§ DATA RECORDS:
──────

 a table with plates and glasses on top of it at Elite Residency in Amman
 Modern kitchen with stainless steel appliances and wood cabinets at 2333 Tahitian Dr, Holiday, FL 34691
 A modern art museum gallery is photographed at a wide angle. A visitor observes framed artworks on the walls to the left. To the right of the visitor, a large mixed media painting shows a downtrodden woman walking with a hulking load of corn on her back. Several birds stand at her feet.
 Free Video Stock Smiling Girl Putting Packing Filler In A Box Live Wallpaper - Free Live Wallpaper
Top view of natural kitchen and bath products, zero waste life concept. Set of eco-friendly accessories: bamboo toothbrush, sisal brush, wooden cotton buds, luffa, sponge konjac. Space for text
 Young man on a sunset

──────

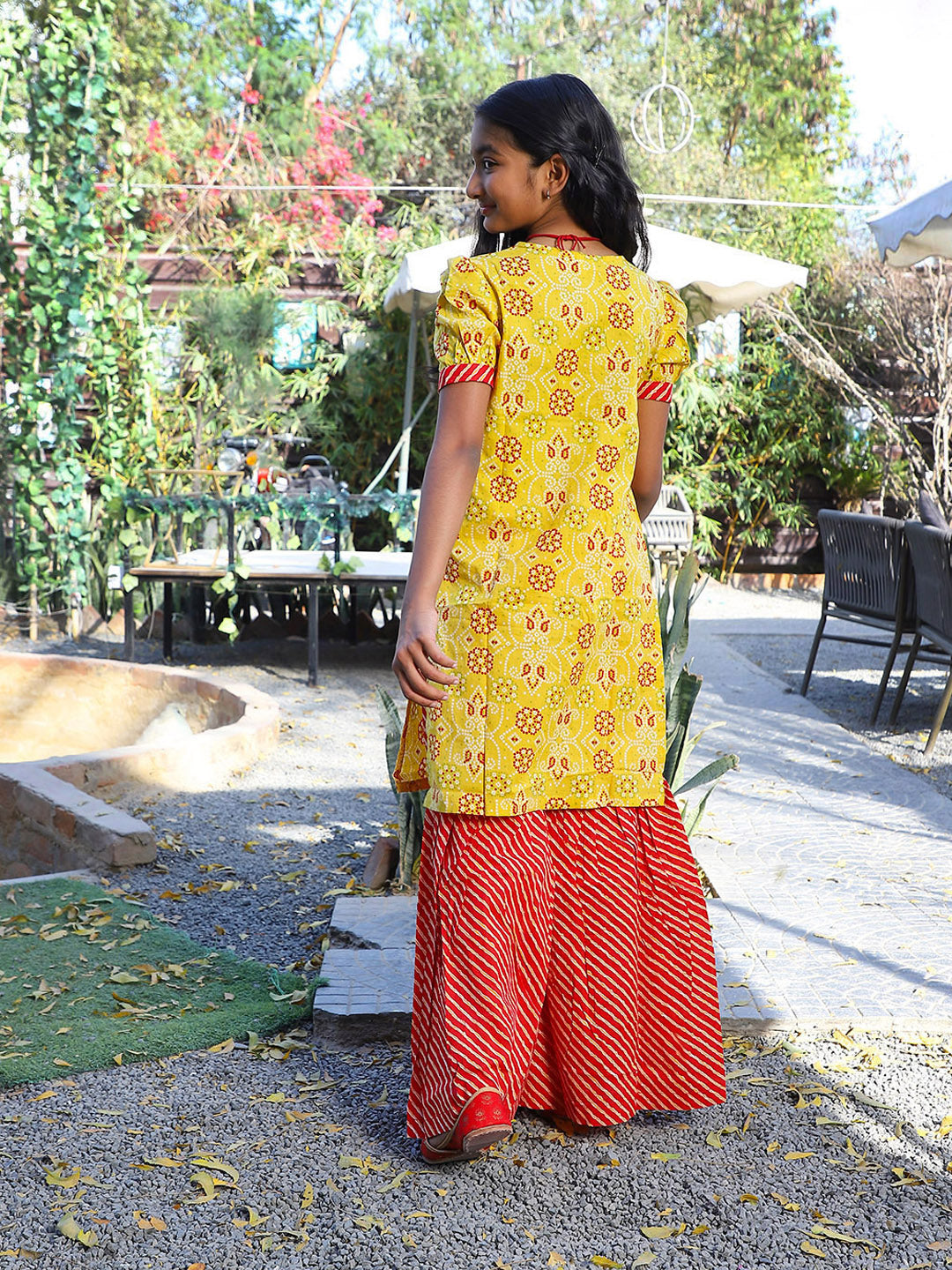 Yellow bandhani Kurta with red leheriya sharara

──────

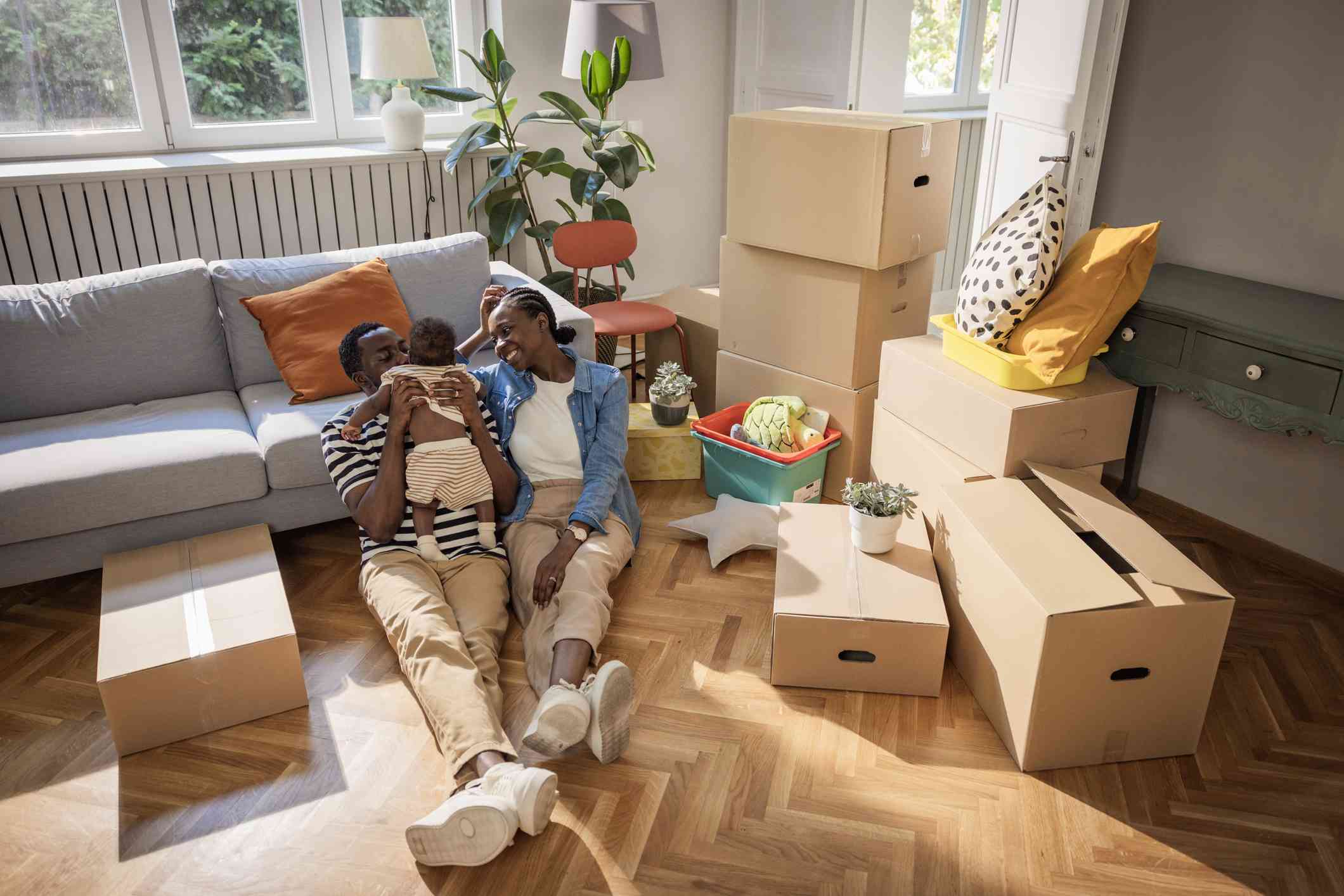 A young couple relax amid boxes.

──────

§ TASK INSTRUCTIONS:
When the line with "Free Video Stock" is reached in the data above, begin copying, and stop after the line with "Young man on a sunset"; copy each line exactly, both ends included.

§ RESPONSE AREA:
 Free Video Stock Smiling Girl Putting Packing Filler In A Box Live Wallpaper - Free Live Wallpaper
Top view of natural kitchen and bath products, zero waste life concept. Set of eco-friendly accessories: bamboo toothbrush, sisal brush, wooden cotton buds, luffa, sponge konjac. Space for text
 Young man on a sunset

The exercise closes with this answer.